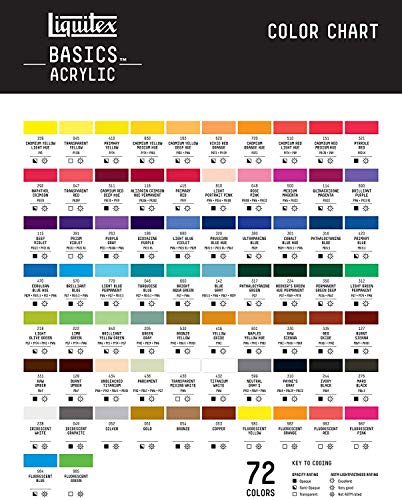 Liquitex Basics - Tubo de pintura acrílica, color negro de marte, 946 ml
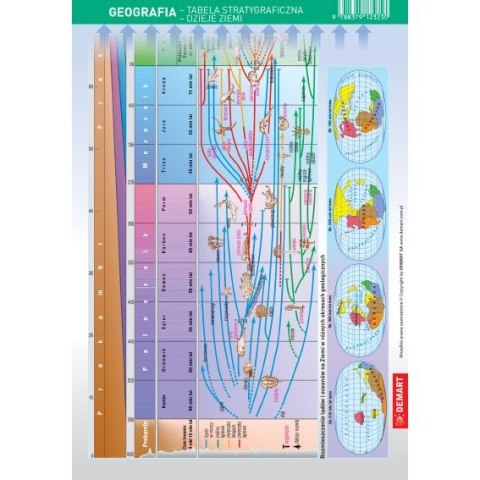 Książeczka edukacyjna Demart ściągawka Geografia - dzieje geologiczne,dzieje zycia
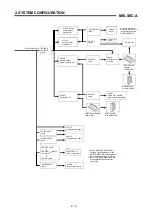 Предварительный просмотр 22 страницы Mitsubishi A1SH User Manual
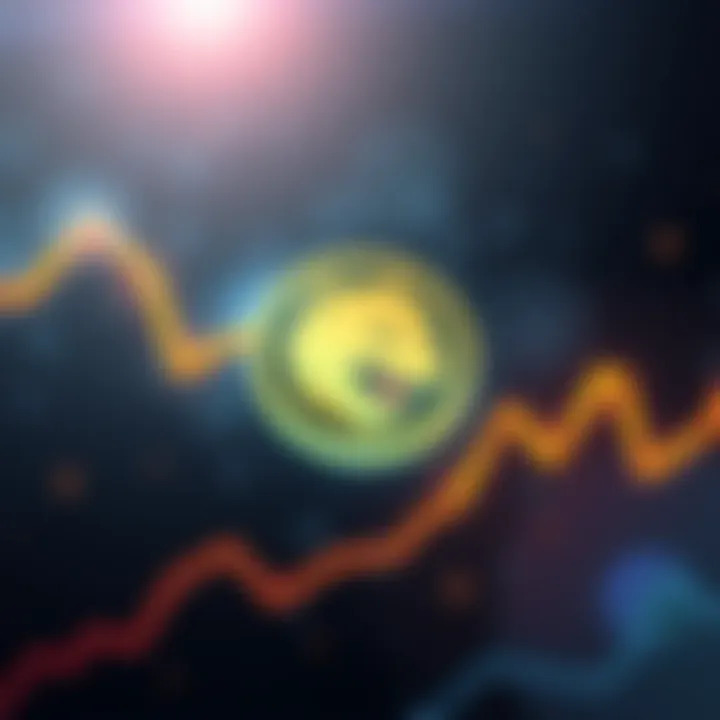 Graph showing $DOGE price crossing $0.17 with upward trend lines.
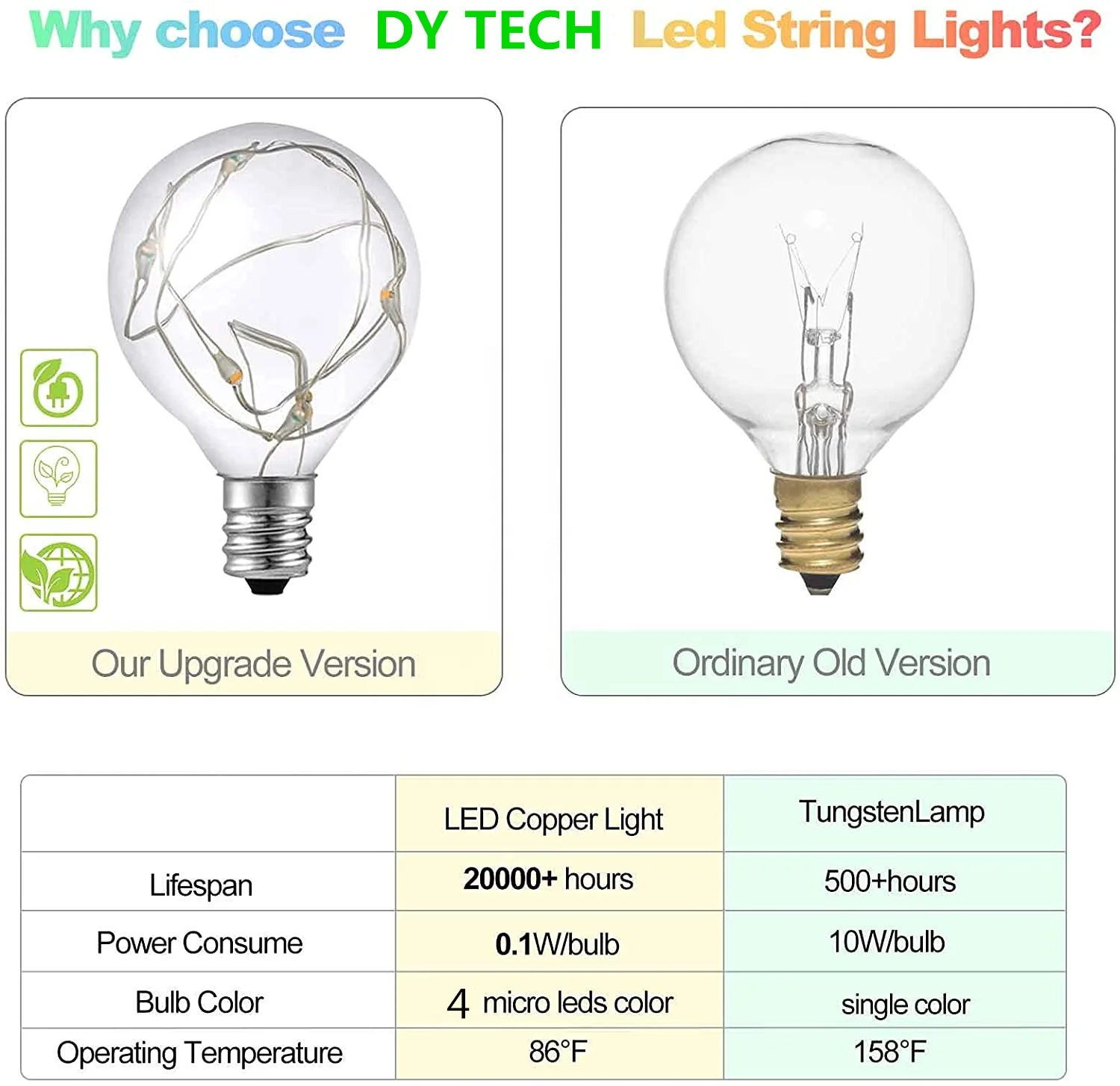 HOT SALE 25FT 50FT 100FT G40 LED String Lights Bulbs with Remote 8 Functions Copper Wire for Outdoor Wedding Party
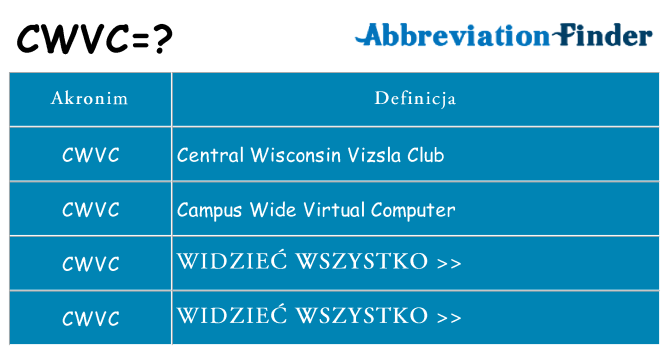 Co cwvc oznaczać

···

● Your task
Leaving out the images, return the entries above exactly as they read.

● Output
 Liquitex Basics - Tubo de pintura acrílica, color negro de marte, 946 ml
 Książeczka edukacyjna Demart ściągawka Geografia - dzieje geologiczne,dzieje zycia
 Предварительный просмотр 22 страницы Mitsubishi A1SH User Manual
 Graph showing $DOGE price crossing $0.17 with upward trend lines.
 HOT SALE 25FT 50FT 100FT G40 LED String Lights Bulbs with Remote 8 Functions Copper Wire for Outdoor Wedding Party
 Co cwvc oznaczać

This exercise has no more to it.